I think the primary drive - the one that contains the boot and crash dump - constantly says "Rebuilding."  This may be the problematic one, but I'm not clear on what to expect since the client lives out of state and it would be difficult for me to go there in person.  If I set the second hard drive as a primary boot in BIOS, or disconnect the power from the bad HD, will it automatically work?  I'd assume to allow the PC to complete synchronization first and then do anything else after.
When you disconnect a drive, the system will still work and one of the two boot entries will start the system, of course. You don't need to change the boot order in the bios.
Yeah but what if one of the drives is malfunctioning?  I'm assuming to disconnect that one, or BIOS may still continue using it.
Please take a virtual machine with two virtual disks and "play" with them until you know every bit about software raid 1 in windows. It will not take long :-) You can excercise removal and rebuild and anything. You can change the boot settings using msconfig if you need to.
MSConfig only lists "C:\Windows" as a boot path; before it would have other info like partition number, drive number, etc.  Not sure if this is going to be a concern but I'm assuming it's as easy as changing the drive paths for my example.
Oh yeah, I tried running WD LifeGuard and it hangs at roughly 90%.  Not sure if this is a problem or if it's the synchronization that's stopping it.

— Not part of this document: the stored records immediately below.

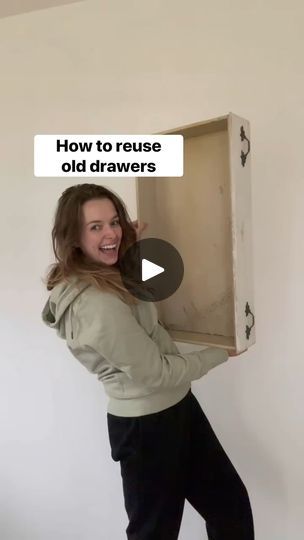 160K views · 2.4K reactions | Repurpose old drawers AND save money!! | Maggie McGaugh Repurpose Small Dresser, Old Drawers Repurposed, Repurpose Dresser Drawers, Drawers Repurposed Diy, Drawers Repurposed, Old Dresser Drawers, Furniture Upcycling, Old Drawers, Vintage Drawers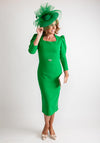 Claudia C Puff Sleeve Pencil Dress, Green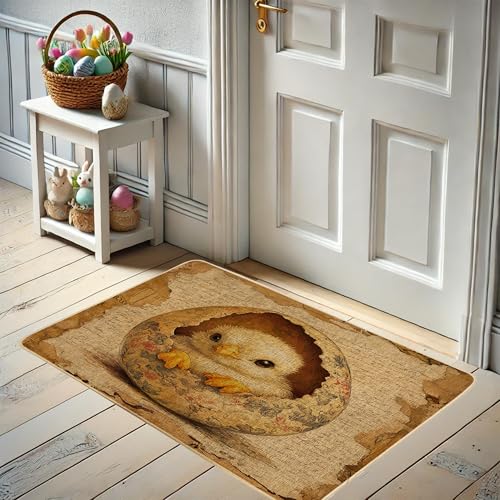 Cute Chick Hatching Doormat, Light Brown Chick Design for Spring & Easter Outdoor & Indoor Entrance Decor, Rubber Waterproof Non-Slip Dust Absorbent Front Mat, Easy to Clean 29x17 Inch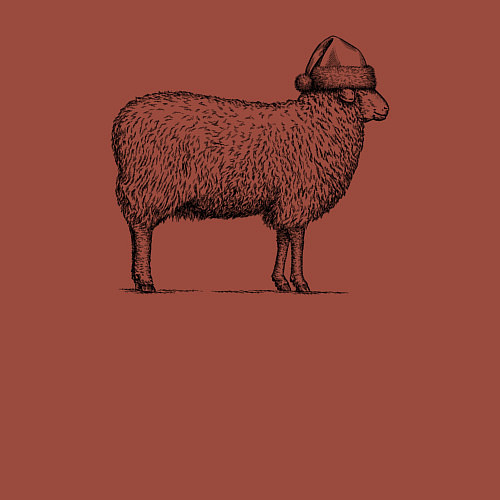 Мужской свитшот Овечка новогодняя / Кирпичный – фото 3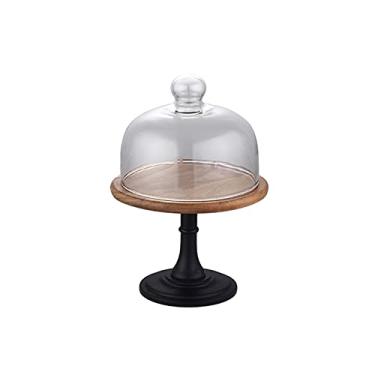 Imagem de Suporte de bolo retrô com cobertura de vidro mesa alta sobremesa de sobremesa festa de casamento suporte multiuso para exibição de bolo prato de exibição de sobremesa (tamanho: grande)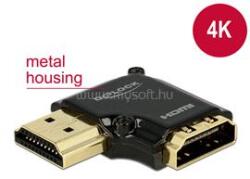 Delock adapter Gyors-sebességű HDMI Ethernettel - HDMI-A anya > HDMI-A apa 4K 90 fokos bal fekete (DL65660) (DL65660)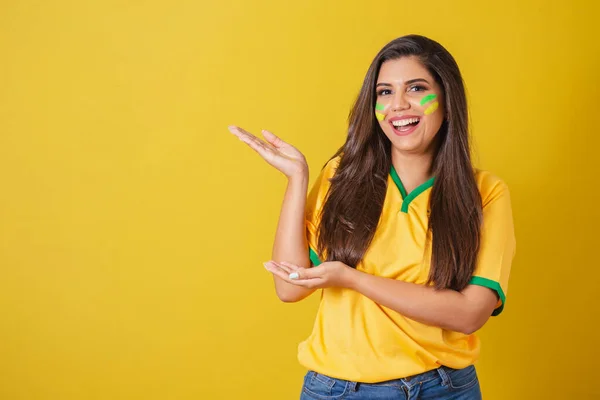Brezilya Nın Kadın Taraftarı 2022 Dünya Kupası Futbol Şampiyonası Sol — Stok fotoğraf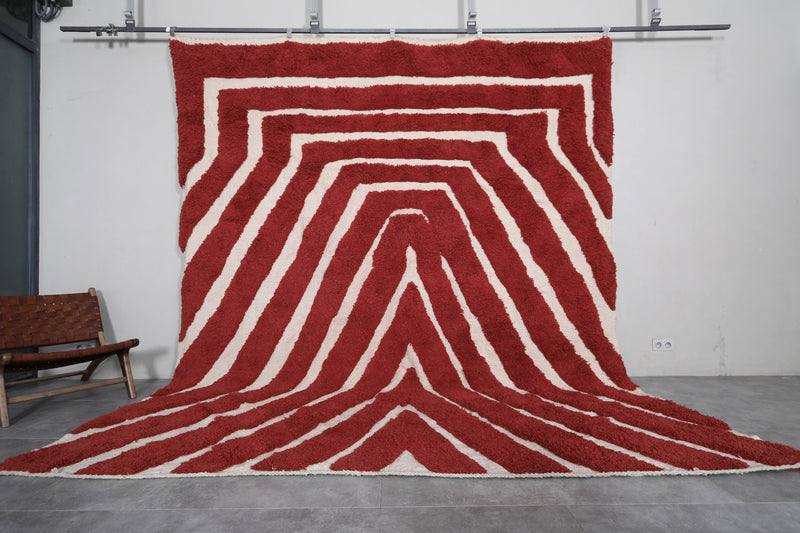 Moroccan Red Wool Rug - 10.2 x 11.9 Feet | Bold Geometric Design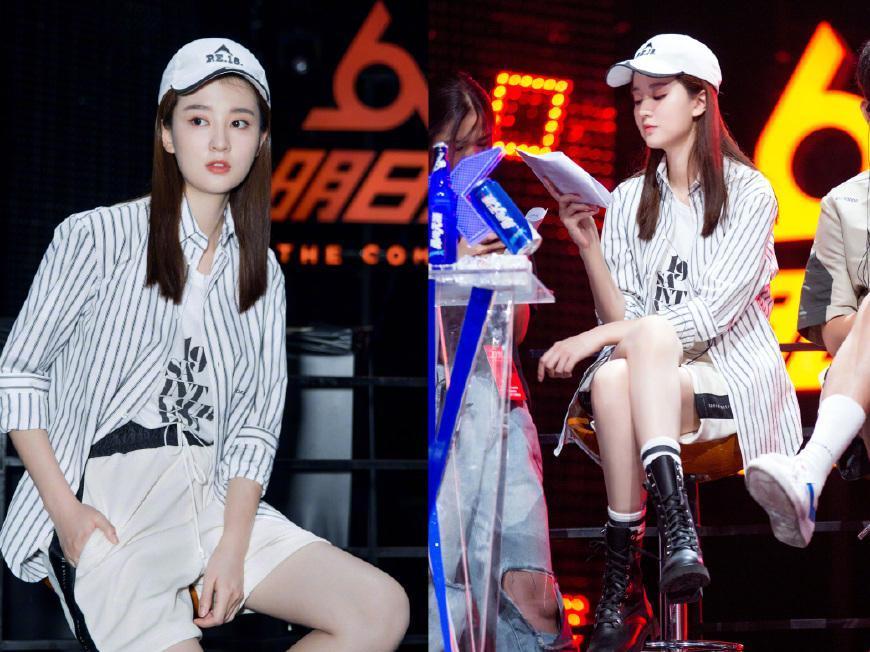 乔欣才是真“腰精”, 穿T恤还遮不住好身材, 又酷又美!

Ok, that would mean, there is no "windows raid 1" = Raid created through disk management in the OS being used but rather a raid controller on the mainboard or a raid card even. Can clarify the setup?
Yes, it's a Windows RAID 1.  We didn't use the on-board RAID.  I can see all my drives inside of Computer Management.
Ok, did you use diskmgmt.msc or storage spaces to setup your mirror? I am asking, because I never used storage spaces for a mirror and I wonder what st.sp. would do to the boot options. diskmgmt.msc would add a 2nd boot option called "windows 10 - secondary plex" or the like, which could be seen and modified using msconfig, if I am not mistaken.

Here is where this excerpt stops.